Forecasters are not fortune-tellers - our work is based on the data that is available to us and is only as good as the information we are provided. Some critics expect the sort of accuracy that cannot be achieved by models that are based on the polls. When the polls are wrong, models based on them can only do so much. I would have been raked over the coals if I had claimed that the polls were under-estimating the Tories by 10 points in the Alberta election. Expecting any statistical model to foresee and emphasize those 19-times-out-of-20 outcomes is unrealistic, and reduces their usefulness (if the confidence intervals are wide enough, a model will never be wrong). There are plenty of other places to find predictions based on intuition and opinion alone - and anyone who has studied those kinds of predictions can tell you how valuable they are.

Most frustratingly from this side of the argument, a lot of the critics that have leveled their guns at Silver are well-placed to do so. It is very easy to criticize from the sidelines when nothing is risked, like a heckler at a comedy club who would die of stage fright if he was forced on stage. As long as a critique is reasonable (and not based on something as ridiculous as the sound of Nate Silver's voice), the critic is in a win-win situation. He or she is just showing a healthy journalistic skepticism (especially if the forecast ends up being good). If Silver's forecast turns out to be wrong (and a Romney victory will be seen as such, even if Silver's forecast remains open to the possibility), he or she will have been a clairvoyant.

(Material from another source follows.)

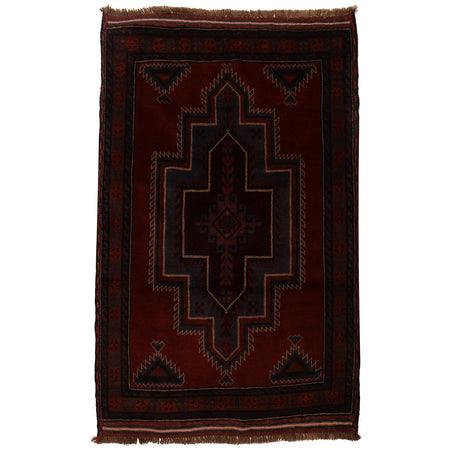Traditional Baloch Rug 3' 11" x 6' 0" ft / 119 x 183 cm - No. R16203
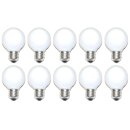 10 x Globe Glühbirne 40W E27 OPAL G60 60mm Globelampe 40 Watt Glühlampe Glühbirnen Glühlampen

If Romney wins, Silver will have been proven foolish for having relied too much on those increasingly inaccurate polls. Those who are still calling the race a toss-up also risk nothing, even if Obama ends up winning by a relatively comfortable two or three points. "The race was never as clear-cut as Silver claimed, the undecideds just broke towards the president because of Hurricane Sandy in the last days of the campaign" - you know that argument is coming (and it is already being made).

This no-lose gamble is worth taking if it means "I told you so" gets to trend on Twitter. Everyone wants to be smarter than the egg-head.  Silver's reputation is riding on tonight's result. The reputation of those Doubting Thomases won't be dented by their dismissal of his work - but they'll take the credit if he ends up being wrong.

On top of this, Silver can be dismissed as having been "lucky" if his model proves successful. Colby Cosh of Maclean's made the implication in the last paragraph of his otherwise mostly fair assessment of Silver's track record. But focusing on those occasions when Silver was wrong (how his baseball forecasting model couldn't accurately predict a few exceptional individuals, for example, or his struggles with the UK election) seems to miss the point, particularly from someone who wrote a piece the day before the Alberta election in which it was argued that I was under-estimating Wildrose. I don't mean to pick on Cosh, but merely to point out that, sooner or later, everyone trips over something like the 2012 Alberta election or Ichiro Suzuki. And while Cosh does a good job of showing that Silver is not infallible, Silver would be the first to admit that himself.

But all of Silver's hard work, his thousands of words of analysis, his painstaking attention to detail - and if he's right? Luck. The same people who level criticisms at him for providing probabilities to a one-off event will claim that, if he is right, it doesn't matter because it could have gone either way. It could, of course, but there is a reason why his forecast says one outcome is more likely than the other.

Silver and others in the forecasting business don't have the luxury of chirping from the cheap seats. We bring this upon ourselves, of course, but the best of us are willing to admit when we were wrong and also accept that we could be wrong. A lot of our critics assign a degree of brash, arrogant certainty that most of us simply don't have.

In the end, Silver's forecast is all about the odds. I hope that the cards fall well for him tonight, and if they don't I will still look to him for the best polling analysis anywhere. For my part, this will be the first election in four years that I will watch as a mere observer, and I'm looking forward to a fun night.